Way Up High – Denver’s Music Scene and Alfred E Neuman
By Garrett Schroeder, Graduate Class of 2027
Best known for their work making posters advertising concerts in the San Francisco Bay area, Alton Kelley and Stanley Mouse created this design advertising a two-night show at the now-defunct Family Dog music Venue in Denver. This show featured The Other Half and Sons of Champlin, two popular rock bands who were active mainly in San Francisco but had traveled to Denver with the promise of a burgeoning music scene.
As equal partners, Kelley designed the layout, while Mouse did the drawing and coloring. The duo often appropriated images for use in their posters from magazines or old history books. This poster uses an adapted image of the character Alfred E. Neuman, the face of MAD magazine, whose image was often associated with a sense of humor due to the publication being satirical in nature. In the background, Kelley and Mouse placed two mushrooms–a mushroom cloud and a hallucinogenic mushroom–invoking Psychedelic counterculture imagery synonymous with the 60s due to their ties with both drugs and the Vietnam War.

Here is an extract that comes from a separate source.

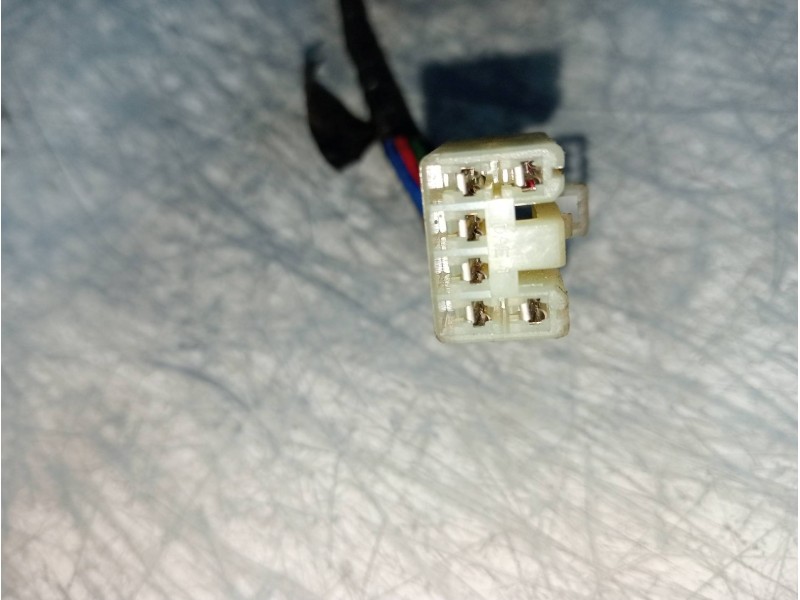 Recambio de piloto trasero derecho para kia clarus 1.8 slx berlina referencia OEM IAM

While many of the other posters created for the Family Dog were designed with Psychedelic motifs, this poster leaned much more heavily on Art Nouveau inspiration, with straight-edge borders and legible lettering, in contrast to its sibling posters, which often held the opposite. Art Nouveau was an artistic style that flourished from the late 19th to the early 20th centuries, which focused on bringing together “high” artistic forms in “lower” everyday objects, such as furniture, architecture, and posters. Mouse and Kelley’s use of Art Nouveau style was deliberate, calling back to the elevation of the poster as an art form.

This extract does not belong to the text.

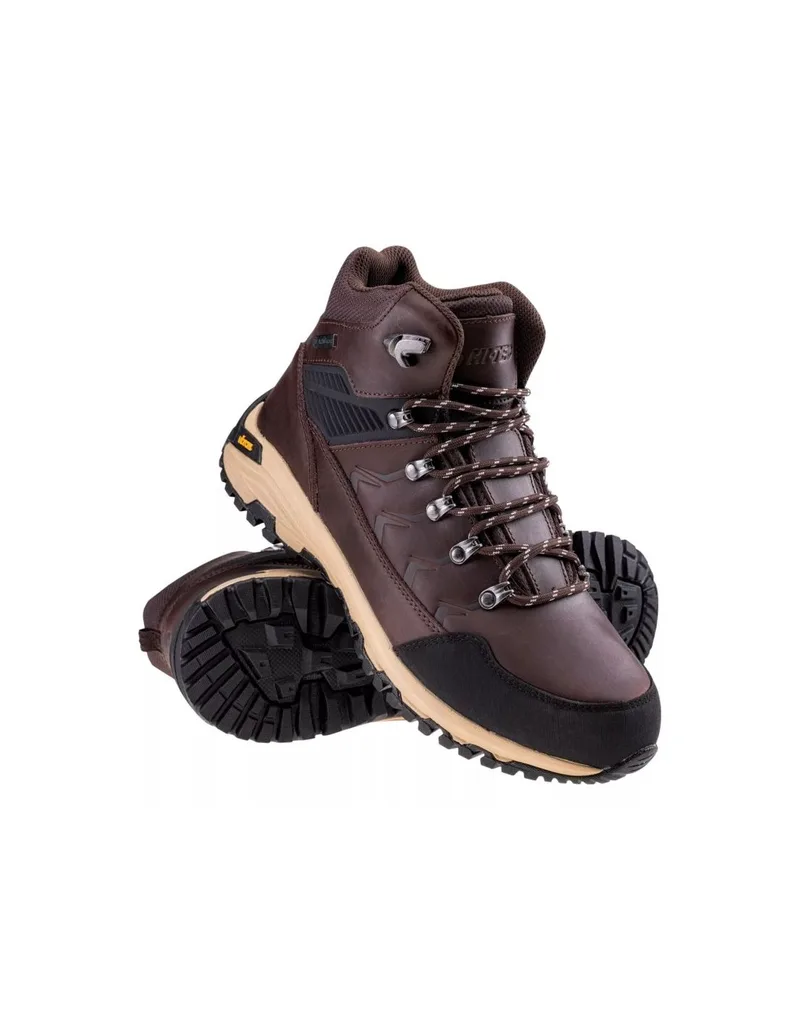 HiTec Leknes Mid AG VM 92800442420 shoes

Despite the formality of the poster’s design, Alfred E. Neuman’s image and personality suggest that individuals attending could get their fix of illegal substances such as LSD (commonly known as acid), key to the counterculture, and their musical experience. Alfred is also notably holding open the music shows in his hand as if they are being offered on a menu, further tying the idea that this jolly prankster is inviting the viewer to join him in the experience of these two music shows.
While the Denver location would only last a year, concerts at the Family Dog Denver would later pave the way for a greater music scene in Colorado, with posters like the ones created by Kelley and Mouse becoming equivalent with the rock and roll music scene. Successful shows such as this one proved that Denver was a prime location for a burgeoning music culture, although it wasn’t until years later that it started to finally flourish.